Then we look at his character arc. And here is where the "reader me" and the "writer me" fight each other, leaving this bittersweet taste in my mouth. 


I have this very annoying history of having my favourite characters killed at the end. And usually, I find many reasons to complain about their arc and how their deaths were lazy or served nothing to the plot (apart from also being heartbreaking of course).


It is a little different this time.


The "reader me" is devastated. Until the very end I hoped he would live, I really did. I wanted him to be happy, find his peace and try to live a good life now that he was free from all the chains. I wanted to see him as the kind King he could be, trying to make a better place out of White London. The "reader me" is sobbing and screaming "he deserved so much better!!! He suffered the whole book to die like that, sacrificing himself like none of the others did and not even being able to see how his death cured his world!" It made me kinda look down on the other characters sometimes. He lost everything to save all of the Londons, not only his own. He was controlled, enslaved, betrayed, almost killed by people he trusted, saw his best friend be brutally murdered in front of him. And, apart from Astrid and Athos, he never resented those who wronged him. For him, Alox and Talya acted the way they did because of the corrupted world they grew up in. Holland didn't blame them, he forgave them.

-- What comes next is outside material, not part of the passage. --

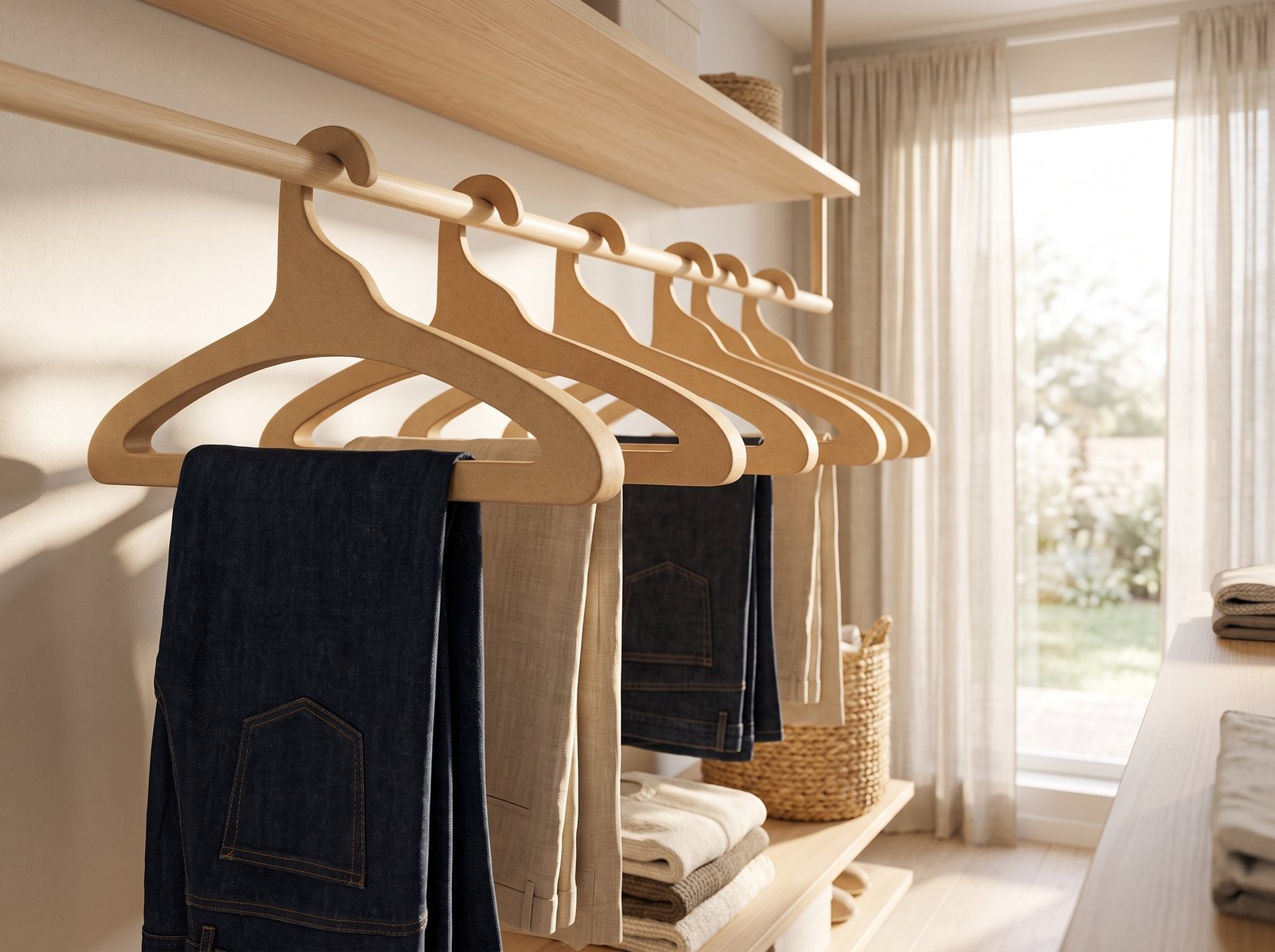 Clóset minimalista con pantalones colgados en ganchos para pantalones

He undersrood, because he killed many people himself for the same reasons, but kept count of them to shame himself, even though most of the times he wasn't killing at his own will. He was nearly killed and thrown into a hopeless place with evil magic by Kell only to be able to survive again, have another chance of doing the right thing. But he still didn't have that choice, not really. He had one choice only and he took it. Because he is a survivor. Holland isn't a man full of poor life choices. He is a man whose choices had already been made for him. And that's why his death is heartbreaking. Because it's a consequence of his own choices when he finally gets to make them.

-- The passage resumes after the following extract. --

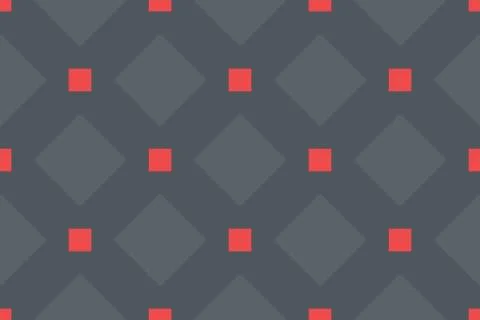 Vector seamless geometric pattern. Shaped grey and red squares, black backgro Illustrazione stock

But I would be lying if I said I didn't see it coming. And here comes the "writer me" into play. His last scene was beautifully sad, poetic. Because analysing his character arc, he indeed got everything he wanted in the end. He never wanted power, he wanted healing. And in the end he was the someday king he always dreamt about. He saved his world, he was free, he fought against Osaron because he chose to do it. He became the true hero of the whole trilogy, doing and sacrificing more than anyone else. And if some part of me is looking desperately for ways that he could return so I can read more of him in Threads of Power, there is another part that says it ended in a correct way too. It's bittersweet, yes, but as a writer myself, I understand Schwab's choice. He deserved better, but his arc came to a satisfactory closure and for the first time I find no reasons to complain apart from the fact that it devastated me to see such an amazing character go.


That's pretty much it and thank you if you were brave enough to reach the end of this review. Now I will be standing here just anxiously waiting for Threads of Power.